2005-06-16 Thread Yuri Vasilevski
Hi,

On Thu, 16 Jun 2005 12:40:39 -0500
Brian Jackson [EMAIL PROTECTED] wrote:

 Rafael Espndola wrote:
  I am using Gentoo to build some small systems. While things like the
  minimal useflag is a joy, the monolithic nature of most gentoo
  packages is a headache.
  
  Kde has been spit and libstdc++ can be installed without gcc but there
  are many other packages that don't have this feature. For example,
  installing qt also installs qt designer.
 
 Use INSTALL_MASK to keep it from getting installed. Keep both pieces.

I think that it's not the way to go because this will create
the exact problem that existed with installing an incomplete
kde before there where split ebuilds for it.

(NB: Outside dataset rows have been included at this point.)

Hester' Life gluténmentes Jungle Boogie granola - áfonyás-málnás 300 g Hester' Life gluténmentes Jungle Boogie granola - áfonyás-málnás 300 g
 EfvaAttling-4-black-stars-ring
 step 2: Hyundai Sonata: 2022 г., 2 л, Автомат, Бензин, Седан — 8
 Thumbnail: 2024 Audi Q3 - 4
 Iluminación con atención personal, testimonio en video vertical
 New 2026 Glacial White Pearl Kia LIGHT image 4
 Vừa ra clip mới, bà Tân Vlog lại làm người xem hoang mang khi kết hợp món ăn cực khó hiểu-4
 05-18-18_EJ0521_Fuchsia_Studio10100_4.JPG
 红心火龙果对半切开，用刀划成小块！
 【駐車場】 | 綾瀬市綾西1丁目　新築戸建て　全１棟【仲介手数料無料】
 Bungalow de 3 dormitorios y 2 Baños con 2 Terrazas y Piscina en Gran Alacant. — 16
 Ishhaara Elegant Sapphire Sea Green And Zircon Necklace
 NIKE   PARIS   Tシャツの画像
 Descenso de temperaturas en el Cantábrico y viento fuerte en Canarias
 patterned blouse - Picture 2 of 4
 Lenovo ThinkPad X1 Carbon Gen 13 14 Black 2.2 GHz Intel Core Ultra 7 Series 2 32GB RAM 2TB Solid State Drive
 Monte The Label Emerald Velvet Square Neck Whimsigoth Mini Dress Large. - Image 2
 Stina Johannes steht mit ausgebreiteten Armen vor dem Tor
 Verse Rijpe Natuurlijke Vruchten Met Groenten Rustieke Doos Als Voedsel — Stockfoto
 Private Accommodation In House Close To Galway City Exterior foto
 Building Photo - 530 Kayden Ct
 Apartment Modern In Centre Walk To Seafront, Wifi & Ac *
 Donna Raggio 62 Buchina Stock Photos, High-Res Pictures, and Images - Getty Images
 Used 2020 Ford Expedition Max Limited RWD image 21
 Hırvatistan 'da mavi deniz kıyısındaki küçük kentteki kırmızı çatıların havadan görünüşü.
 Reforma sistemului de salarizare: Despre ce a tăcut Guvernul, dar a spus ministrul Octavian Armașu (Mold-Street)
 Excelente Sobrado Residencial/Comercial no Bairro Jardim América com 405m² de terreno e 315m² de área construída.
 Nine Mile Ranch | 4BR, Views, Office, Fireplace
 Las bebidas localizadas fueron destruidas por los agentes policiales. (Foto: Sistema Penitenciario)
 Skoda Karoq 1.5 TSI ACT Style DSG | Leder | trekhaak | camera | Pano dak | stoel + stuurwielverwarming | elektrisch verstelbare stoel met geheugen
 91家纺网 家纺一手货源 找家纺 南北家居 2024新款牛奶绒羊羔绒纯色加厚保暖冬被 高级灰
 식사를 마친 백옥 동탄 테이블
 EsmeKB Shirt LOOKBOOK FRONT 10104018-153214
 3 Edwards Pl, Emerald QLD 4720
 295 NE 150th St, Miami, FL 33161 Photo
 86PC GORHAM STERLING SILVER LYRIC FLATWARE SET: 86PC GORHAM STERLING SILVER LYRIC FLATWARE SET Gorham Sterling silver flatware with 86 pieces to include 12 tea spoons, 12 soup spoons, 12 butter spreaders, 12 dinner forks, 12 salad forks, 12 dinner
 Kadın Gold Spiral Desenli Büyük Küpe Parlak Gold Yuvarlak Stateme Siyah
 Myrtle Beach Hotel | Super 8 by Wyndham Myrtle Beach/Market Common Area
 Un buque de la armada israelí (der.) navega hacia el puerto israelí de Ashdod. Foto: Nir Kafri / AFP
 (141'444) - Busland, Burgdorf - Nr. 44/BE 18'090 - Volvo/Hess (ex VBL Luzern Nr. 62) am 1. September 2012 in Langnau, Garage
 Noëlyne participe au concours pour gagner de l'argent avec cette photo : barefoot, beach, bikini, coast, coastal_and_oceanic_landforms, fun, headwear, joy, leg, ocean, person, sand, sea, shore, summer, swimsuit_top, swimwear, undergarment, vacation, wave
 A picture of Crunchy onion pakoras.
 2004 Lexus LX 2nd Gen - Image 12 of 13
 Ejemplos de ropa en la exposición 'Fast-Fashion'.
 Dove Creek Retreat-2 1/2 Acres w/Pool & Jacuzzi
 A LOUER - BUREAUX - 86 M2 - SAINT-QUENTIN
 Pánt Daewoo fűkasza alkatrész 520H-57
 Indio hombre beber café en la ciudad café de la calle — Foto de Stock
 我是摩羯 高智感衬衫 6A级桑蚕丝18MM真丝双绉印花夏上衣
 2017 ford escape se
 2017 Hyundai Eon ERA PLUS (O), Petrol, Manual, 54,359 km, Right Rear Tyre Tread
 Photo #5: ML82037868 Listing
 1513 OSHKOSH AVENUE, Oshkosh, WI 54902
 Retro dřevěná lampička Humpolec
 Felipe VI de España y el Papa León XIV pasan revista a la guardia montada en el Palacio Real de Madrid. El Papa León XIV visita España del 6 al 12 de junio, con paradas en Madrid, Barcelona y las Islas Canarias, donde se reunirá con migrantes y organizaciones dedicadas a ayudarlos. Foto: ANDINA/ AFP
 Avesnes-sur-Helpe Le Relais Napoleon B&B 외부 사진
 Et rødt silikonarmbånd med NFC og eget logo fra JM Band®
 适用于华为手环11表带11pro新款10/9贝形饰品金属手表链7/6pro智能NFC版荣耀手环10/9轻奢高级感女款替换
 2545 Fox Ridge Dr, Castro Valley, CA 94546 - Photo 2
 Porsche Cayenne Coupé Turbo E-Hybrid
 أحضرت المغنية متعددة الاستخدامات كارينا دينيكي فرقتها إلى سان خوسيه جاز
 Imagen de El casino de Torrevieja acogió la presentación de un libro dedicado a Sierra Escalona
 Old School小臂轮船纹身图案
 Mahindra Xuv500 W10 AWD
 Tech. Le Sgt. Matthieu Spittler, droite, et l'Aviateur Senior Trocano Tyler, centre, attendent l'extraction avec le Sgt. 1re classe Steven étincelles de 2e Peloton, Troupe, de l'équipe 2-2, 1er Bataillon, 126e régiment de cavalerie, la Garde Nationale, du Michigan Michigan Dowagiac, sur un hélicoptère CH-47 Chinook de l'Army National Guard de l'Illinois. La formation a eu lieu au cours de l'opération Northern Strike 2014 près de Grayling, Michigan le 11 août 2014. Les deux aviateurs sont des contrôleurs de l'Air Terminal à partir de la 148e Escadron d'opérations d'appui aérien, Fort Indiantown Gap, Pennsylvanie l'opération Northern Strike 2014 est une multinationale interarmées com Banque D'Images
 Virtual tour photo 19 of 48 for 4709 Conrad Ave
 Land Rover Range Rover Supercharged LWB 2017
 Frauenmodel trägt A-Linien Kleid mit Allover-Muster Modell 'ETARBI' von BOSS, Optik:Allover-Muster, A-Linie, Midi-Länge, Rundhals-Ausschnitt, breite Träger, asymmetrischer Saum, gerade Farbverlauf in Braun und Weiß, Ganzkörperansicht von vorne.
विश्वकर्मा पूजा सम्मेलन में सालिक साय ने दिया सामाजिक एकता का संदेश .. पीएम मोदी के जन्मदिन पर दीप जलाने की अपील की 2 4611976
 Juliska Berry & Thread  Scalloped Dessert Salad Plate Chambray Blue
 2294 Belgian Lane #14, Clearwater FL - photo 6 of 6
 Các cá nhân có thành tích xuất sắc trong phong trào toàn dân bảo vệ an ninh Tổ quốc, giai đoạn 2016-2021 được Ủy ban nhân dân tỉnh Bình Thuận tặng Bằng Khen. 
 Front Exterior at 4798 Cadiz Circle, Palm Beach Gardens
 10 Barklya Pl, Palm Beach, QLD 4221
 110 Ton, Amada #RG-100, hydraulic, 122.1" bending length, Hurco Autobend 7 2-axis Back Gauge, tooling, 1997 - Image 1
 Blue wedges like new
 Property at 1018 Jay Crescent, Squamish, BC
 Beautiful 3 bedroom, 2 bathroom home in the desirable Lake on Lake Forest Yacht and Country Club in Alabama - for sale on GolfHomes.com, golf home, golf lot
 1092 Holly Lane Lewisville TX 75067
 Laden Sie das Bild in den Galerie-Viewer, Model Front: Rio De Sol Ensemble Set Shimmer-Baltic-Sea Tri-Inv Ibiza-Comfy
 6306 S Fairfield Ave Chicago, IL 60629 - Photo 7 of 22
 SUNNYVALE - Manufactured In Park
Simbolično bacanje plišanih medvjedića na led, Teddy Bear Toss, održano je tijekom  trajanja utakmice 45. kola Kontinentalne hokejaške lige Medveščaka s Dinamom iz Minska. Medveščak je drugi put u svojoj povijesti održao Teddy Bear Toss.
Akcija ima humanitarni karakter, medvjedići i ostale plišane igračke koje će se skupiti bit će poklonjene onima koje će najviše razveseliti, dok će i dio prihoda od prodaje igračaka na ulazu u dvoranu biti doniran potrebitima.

And this problem is that when you emerge a package it expects
it's dependencies to have the things it'll use form them. And
with INSTALL_MASK you brake this assumption in a way that there
is no easy way for an ebuild to verify that it's dependencies
have installed the things that the package needs.

So I think it may be good for some packages to be split in
several packages (but right now I can't think of any), but I
think it'll be much better introduce more granularity into
many ebuils with use flags. This is specially the case (in
my opinion) of packages that can have both client and server
functionality (the best example I can think of is net-fs/samba,
which I mostly use just to mount shares form other servers).

Just my 2 non convertible (i.e. non developers) cents.
Yuri.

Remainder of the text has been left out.